- [What you should do] Copy out, from the data, each line containing the string "shot".

Short text fragments from websites:

------------------------

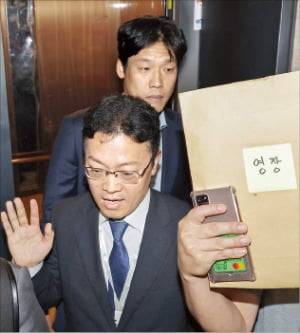 압수수색 영장을 든 김건희 특검팀이 지난 18일 서울 여의도 국민의힘 중앙당사에 진입하기 위해 승강기에 오르고 있다.  /연합뉴스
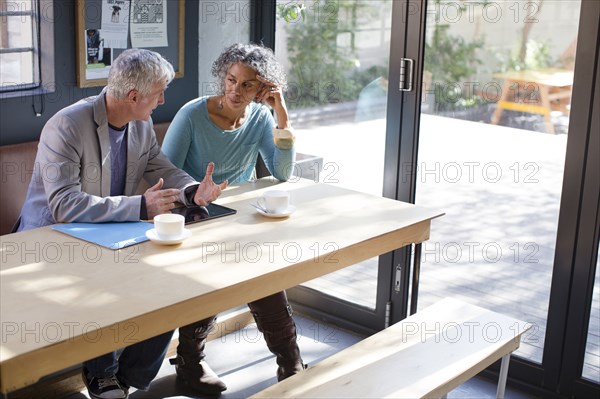 Business people talking in office meeting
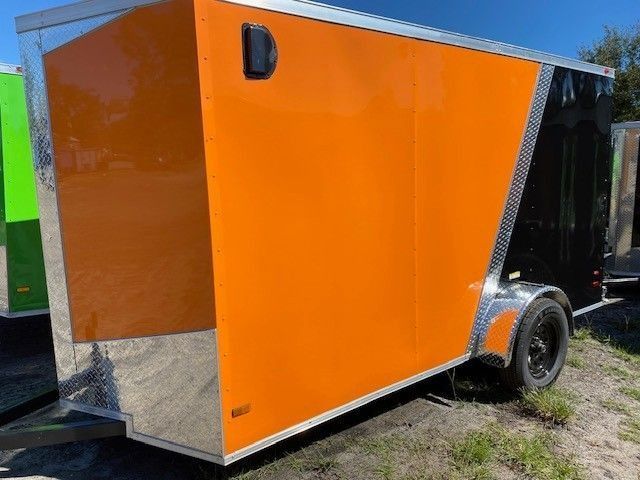 Orange and black enclosed cargo trailer on a sunny day.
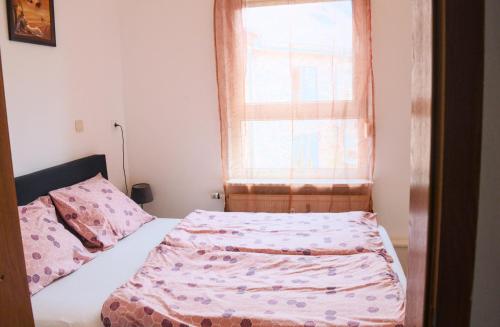 Postel nebo postele na pokoji v ubytování 4N Appartement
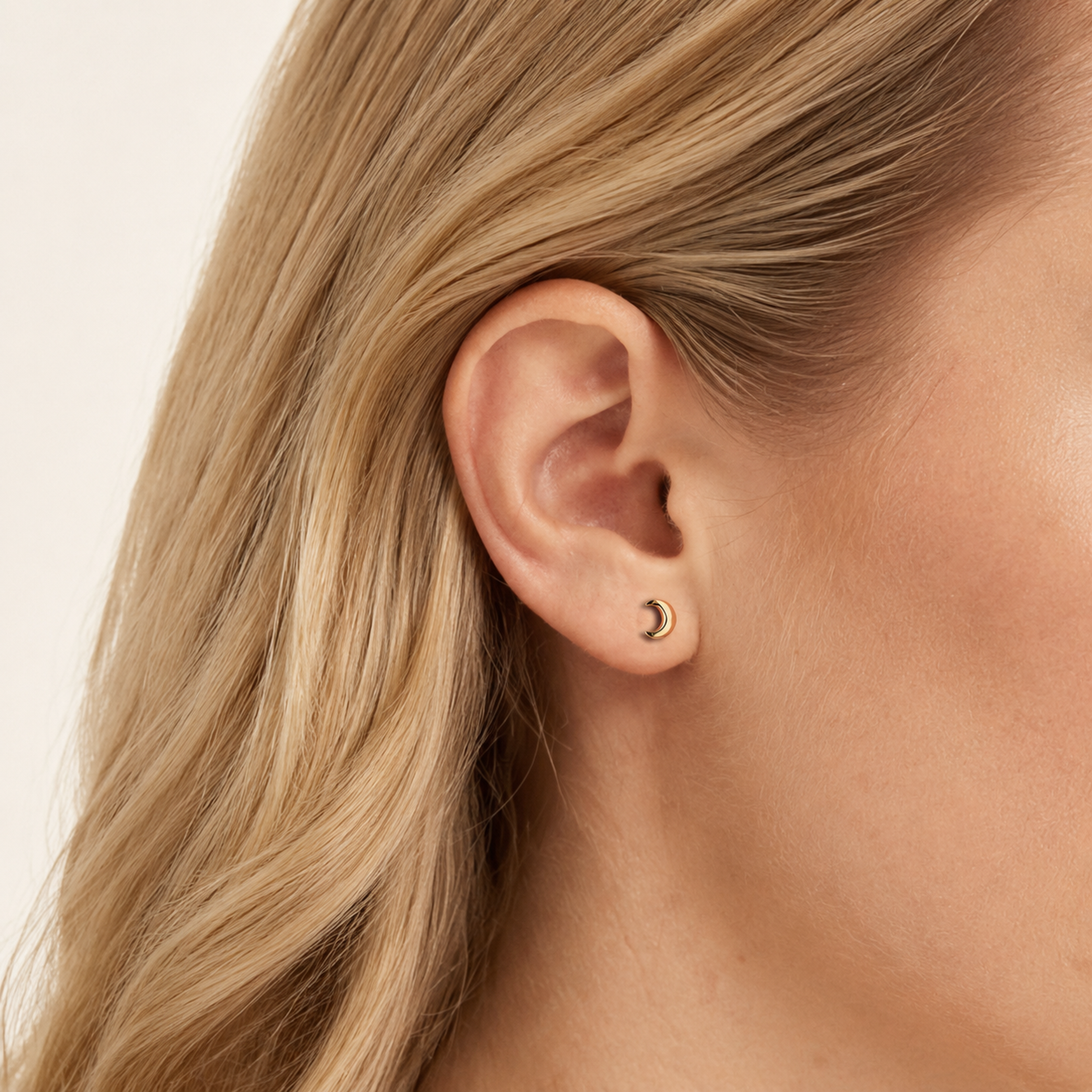 Sterling Silver Polished Moon Stud Earrings worn on the ear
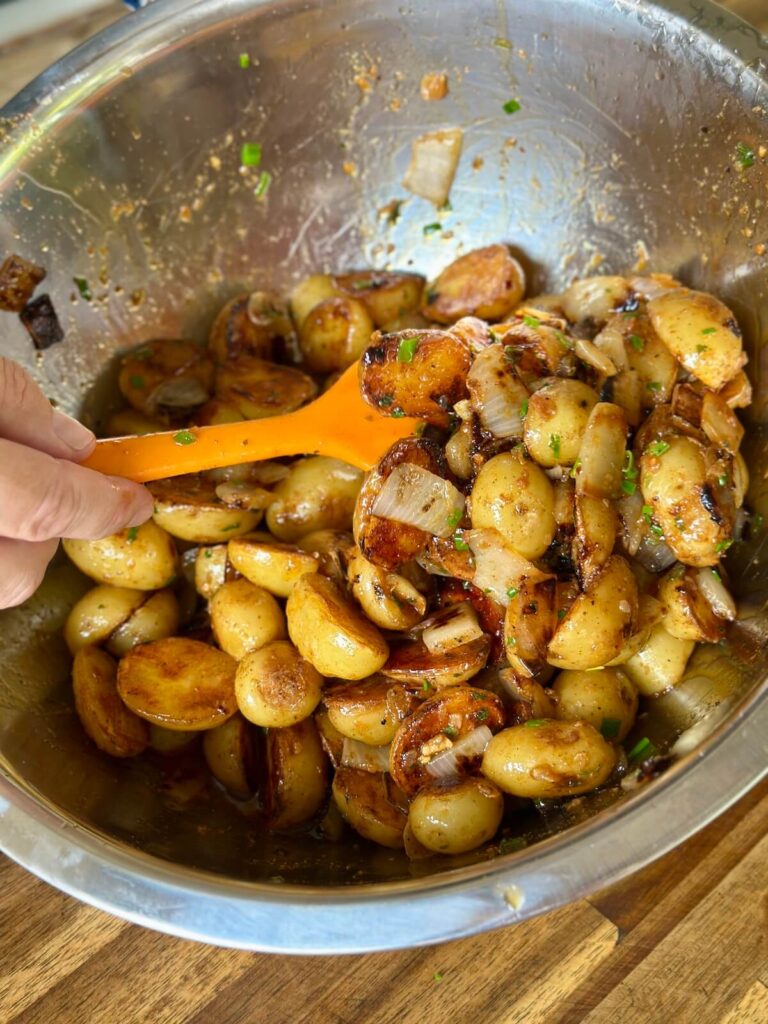 tossing griddle potatoes with cowboy butter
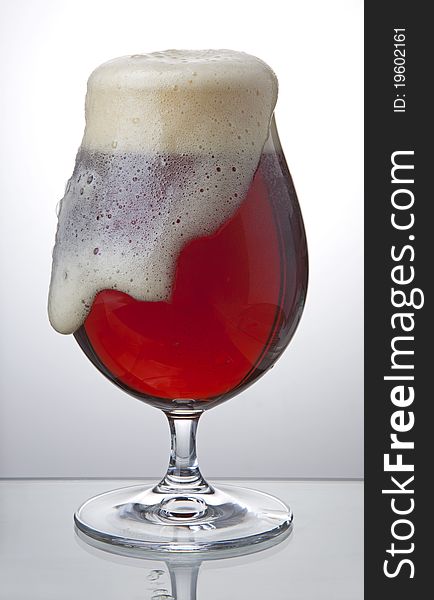 Bubbling red beer in full glass. Bubbling red beer in full glass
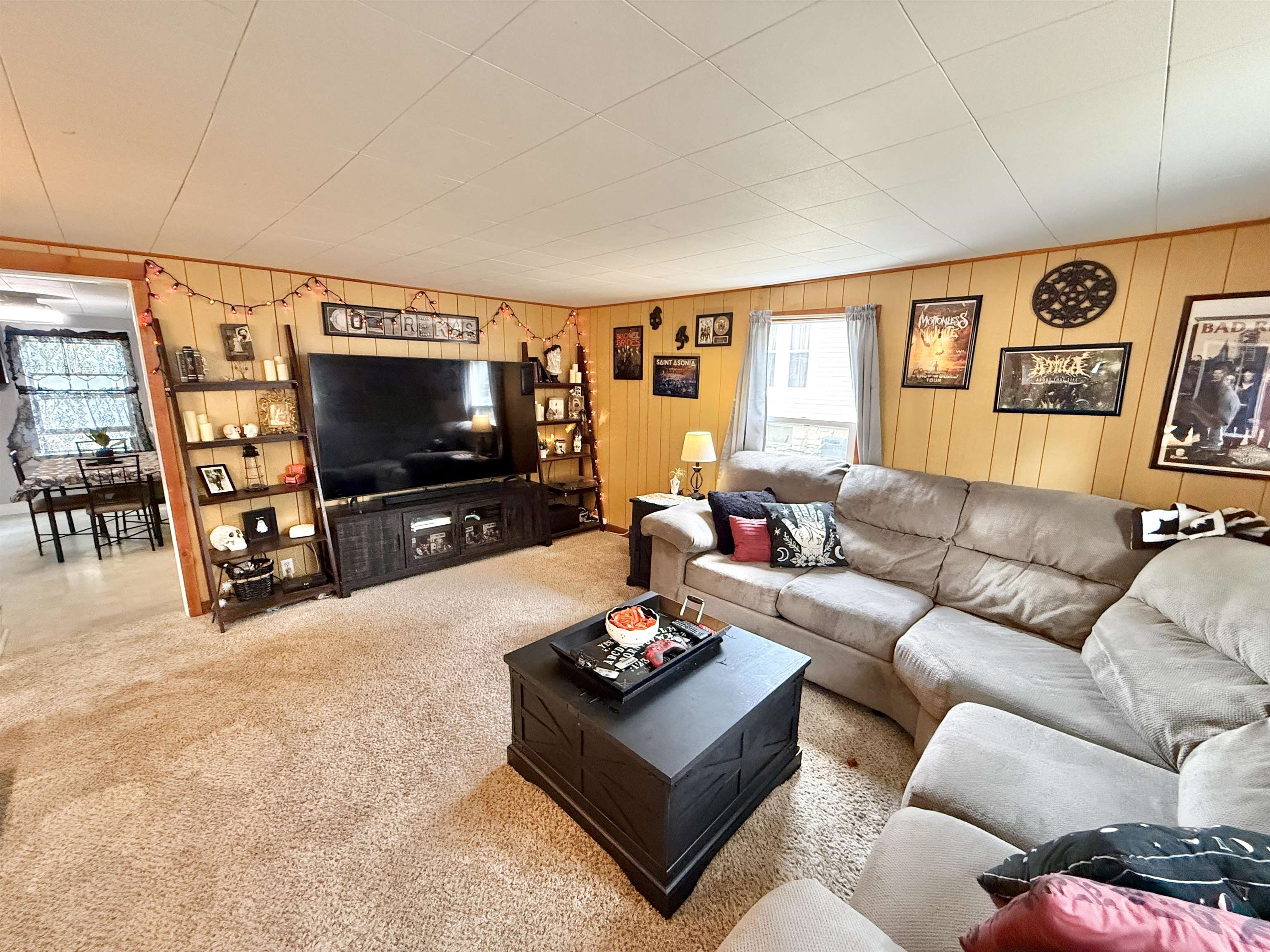 503 South 3rd Street Oregon, IL 61061 - Photo 6 of 22 a living room with furniture and a flat screen tv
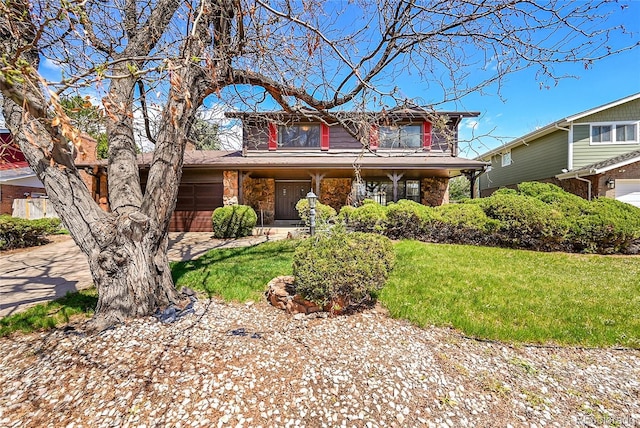 view of front of home featuring a porch, a front lawn, and stone siding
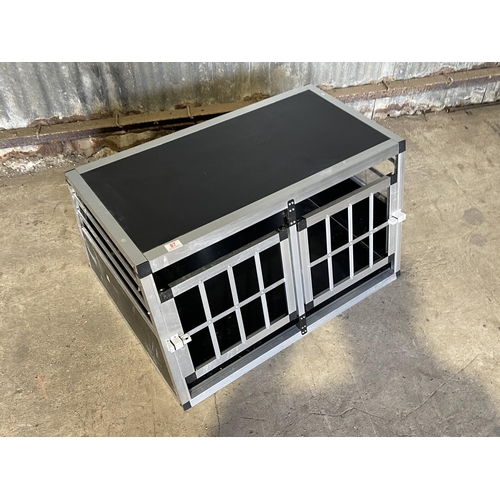 87 - An aluminium framed two door pet transit crate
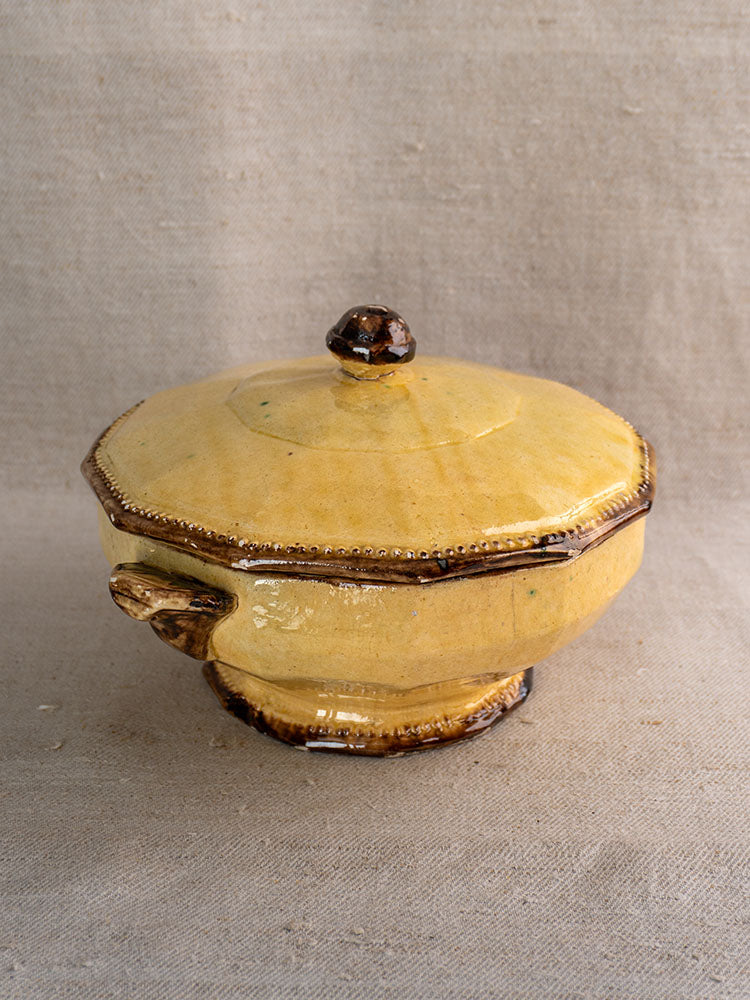 Mustard-glazed French Vallauris Beretta et Cie three-piece pottery tableware set with brown accents on beige fabric.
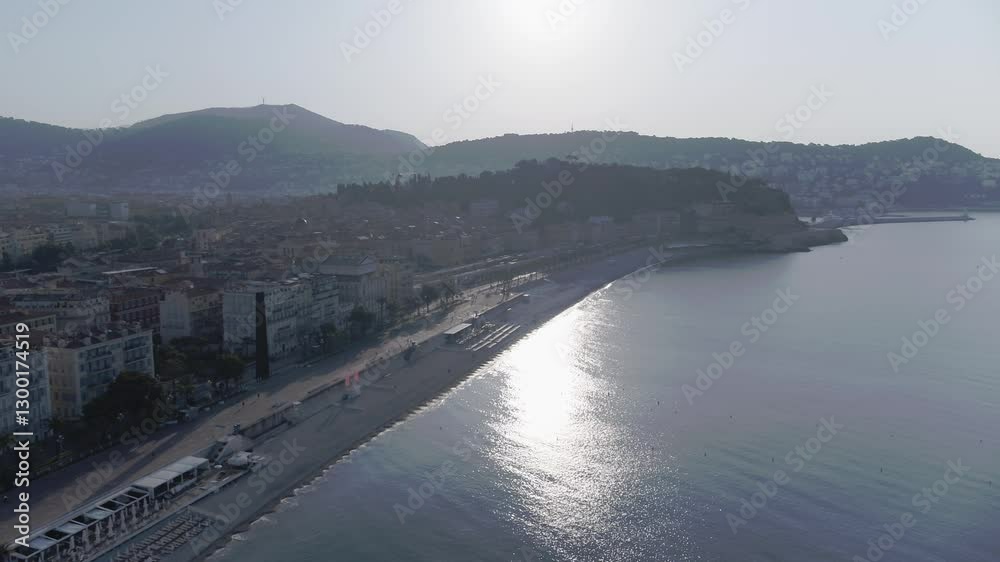 Aerial view in French Riviera with people on the beach in Nice during summer day
Long travelling drone shot in the french riviera during summer
Very high in altitude
Travelling drone shot with sun Aerial view in French Riviera with people on the beach in Nice during summer day
Long travelling drone shot in the french riviera during summer
Very high in altitude
Travelling drone shot with sun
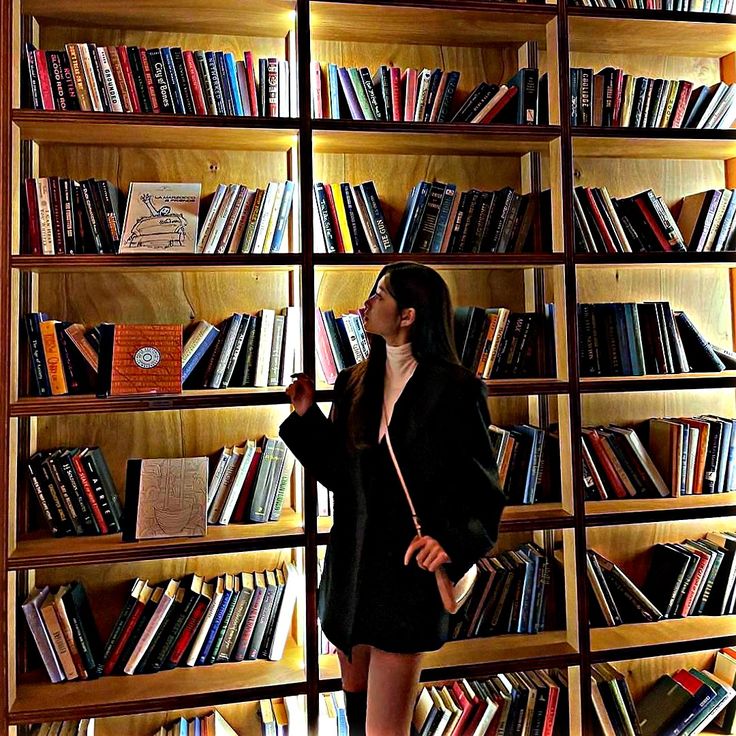 a woman standing in front of a book shelf filled with books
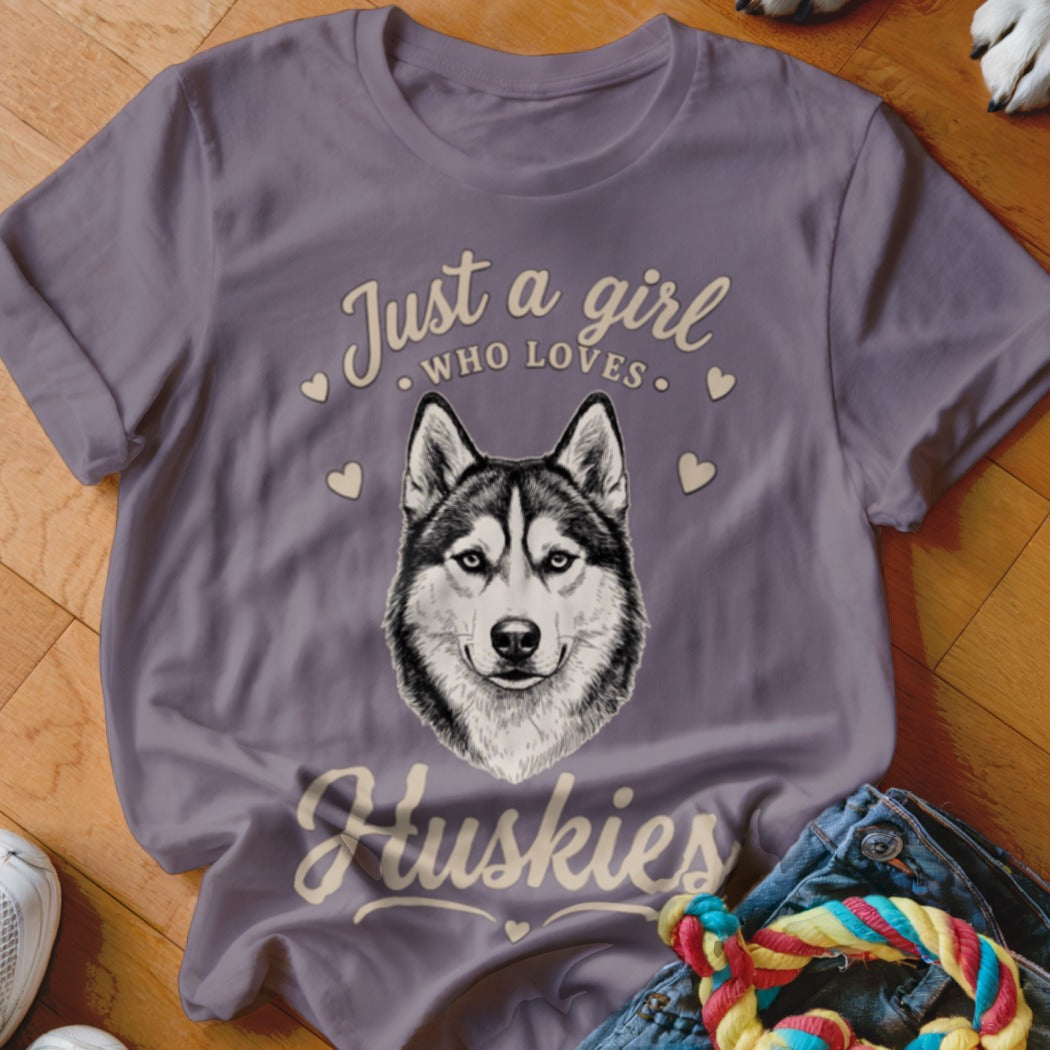 A purple t-shirt featuring a husky graphic and the text Just a girl who loves Huskies.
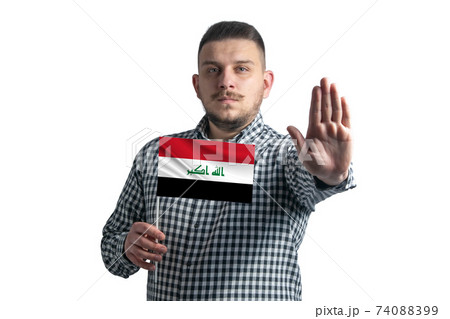 White guy holding a flag of Iraq and with a serious face shows a hand stop sign isolated on a white background 74088399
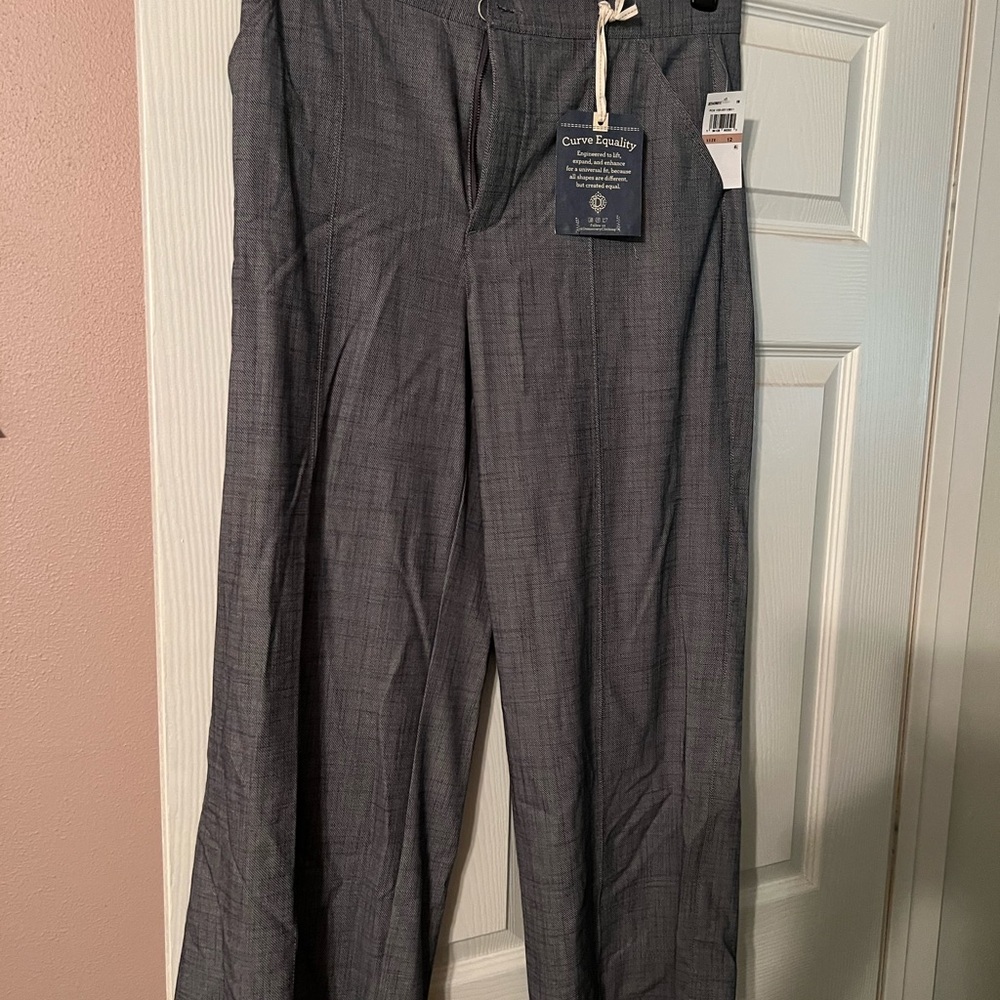 Democracy winner lines gray pants.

------------------------

- [Answer for this exercise]
Long travelling drone shot in the french riviera during summer
Travelling drone shot with sun Aerial view in French Riviera with people on the beach in Nice during summer day
Long travelling drone shot in the french riviera during summer
Travelling drone shot with sun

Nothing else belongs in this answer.